2. Hey, Dad, be small
Yes, this contradicts the first tip. Don't be so big that you suck all the air out of the room. Give your kids space to move around in, to test their thoughts and strengths. Take a backseat three or four times a week. Say, "Maybe." Say, "I don't know." Now and then, tell the kids you're sorry-assuming you behaved badly. You'll feel brand new.
3. Hey, Dad, come home
Lots of fathers have two jobs. If that's your situation, God bless you, pal. You'll get no heat from me. But if you can pay the bills without working double shifts, get home when you can. Nothing good can happen until you do.
4. Bob and weave, Bubba
Stay light on your feet. Don't make too many hard-and-fast rules. Don't insist on having your way with the kids just because the rest of the world isn't always overly interested in the sound of your voice. There is a difference between authority and power. Have the first; don't abuse the second.

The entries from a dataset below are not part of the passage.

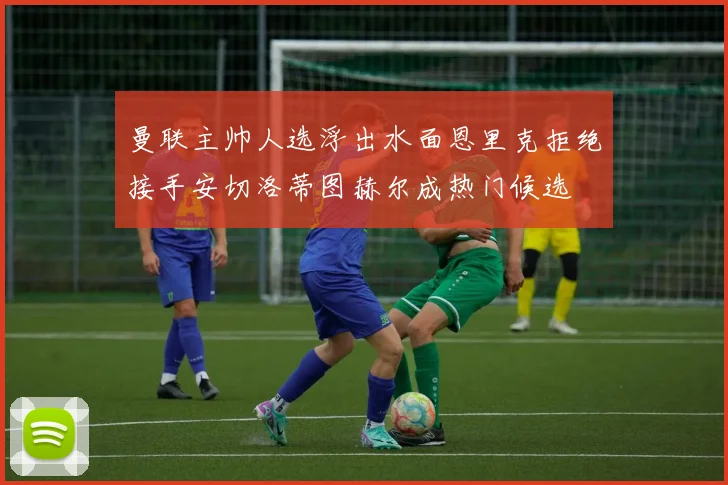 曼联主帅人选浮出水面恩里克拒绝接手安切洛蒂图赫尔成热门候选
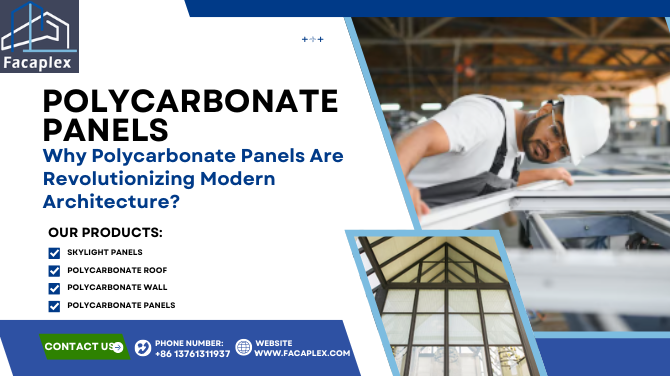Why Polycarbonate Panels Are Revolutionizing Modern Architecture?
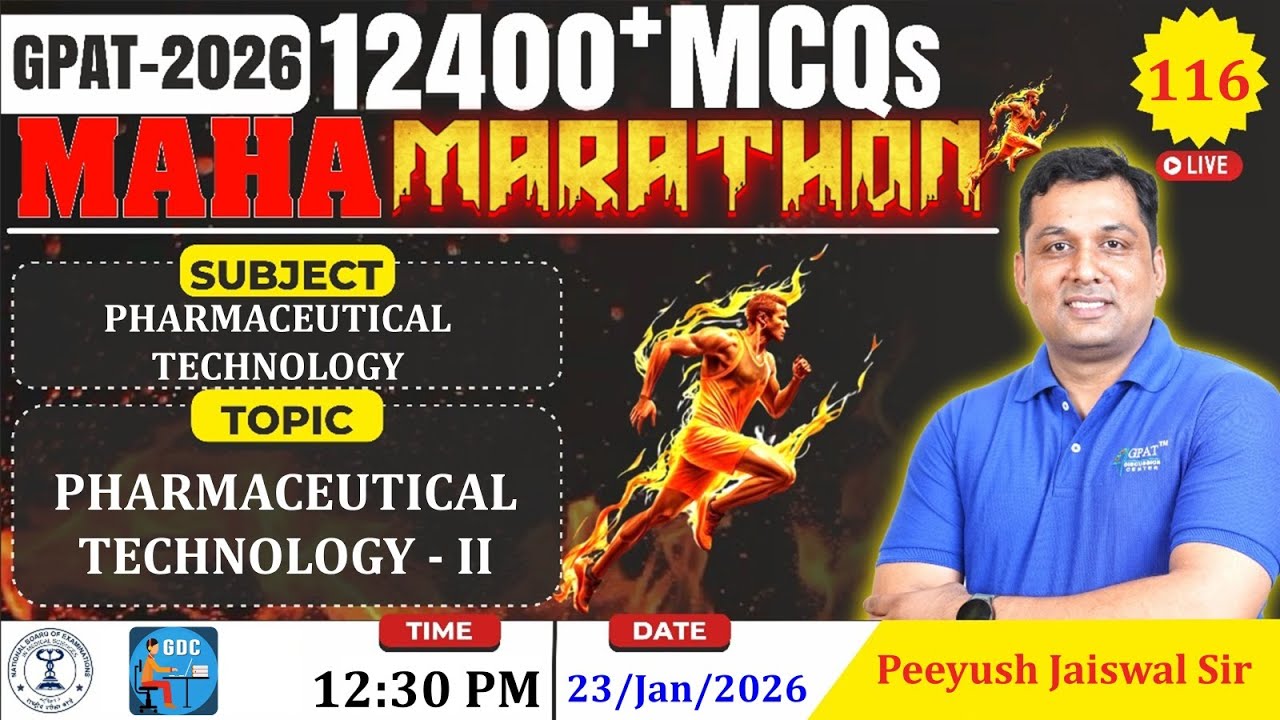 MAHA MARATHON- GPAT 2026 | Class-116 | Pharmaceutical Technology- II (Complete Syllabus)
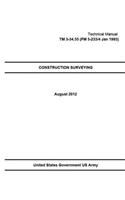 Technical Manual TM 3-34.55 (FM 5-233/4 Jan 1985) Construction Surveying August 2012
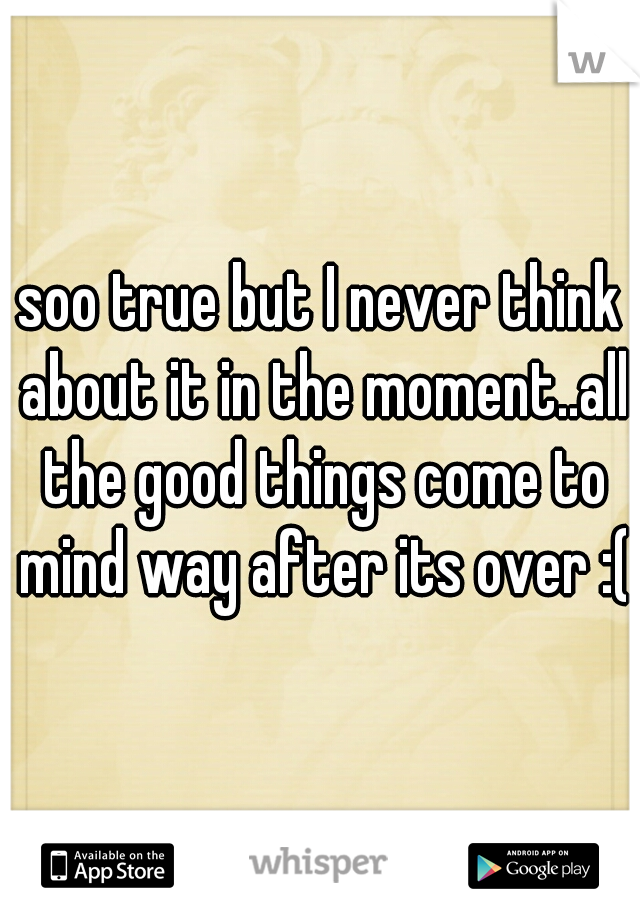 soo true but I never think about it in the moment..all the good things come to mind way after its over :(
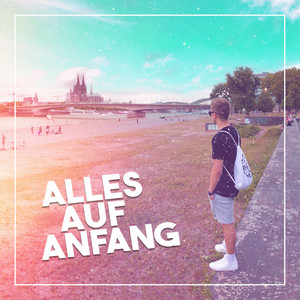 Alles auf Anfang (Explicit)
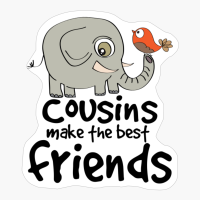 Cousins Make The Best Friends Cute Elephant And Bird On Trunk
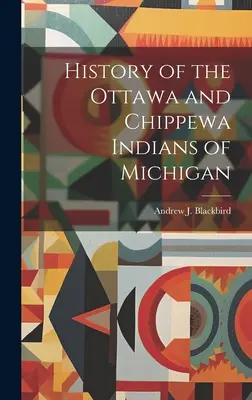 Dejiny indiánov Ottawa a Chippewa v Michigane - History of the Ottawa and Chippewa Indians of Michigan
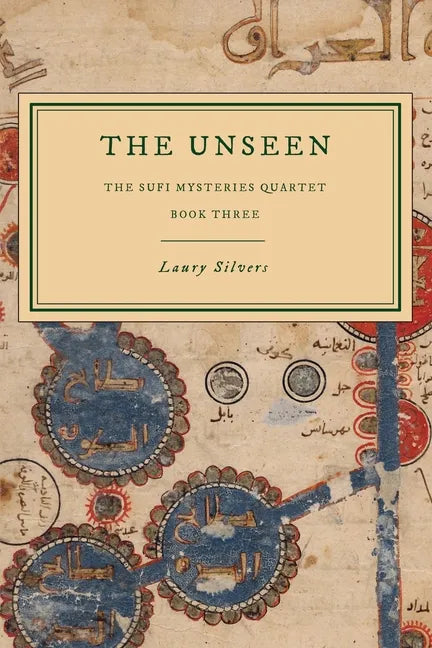 The Unseen: The Sufi Mysteries Quartet Book Three - Paperback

5. Never dance in front of their friends
Remember the cautionary legend of the father who once picked his kids up at a junior-high dance and actually went into the gym and did a few seconds of the Hully Gully with Margie Costanzo. His adult children still have embarrassment nightmares.
6. Save your money, big man
If you're not careful, the kids will send you to the poorhouse three dollars and twenty-nine cents at a time. Think college tuition. Think down payment on their starter homes. Although it's true that money can't buy happiness, it can buy lots of other stuff.

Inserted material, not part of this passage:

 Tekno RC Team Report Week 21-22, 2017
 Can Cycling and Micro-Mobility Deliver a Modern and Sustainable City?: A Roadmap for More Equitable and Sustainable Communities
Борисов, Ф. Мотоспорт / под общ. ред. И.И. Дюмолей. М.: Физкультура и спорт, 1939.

7. Spend your money, tightwad
F. Scott Fitzgerald said the sign of a first-rate mind was the ability to have two opposite opinions at the same time. You're a first-rate mind, Dad. So spring for the glowing monster trading cards. If you've got the money, pop for the musical princess crown. What are you saving your money for, pal? College? Hah! You can't possibly save enough. There is the future, and then there is now. This is it.
8. Never go on a ride with the word whirl in its name.
Especially the Space Shuttle Whirl at the Great Escape near Lake George, New York. It's tougher to be a good father when your nervous system is permanently compromised. Stay on the ground and wave.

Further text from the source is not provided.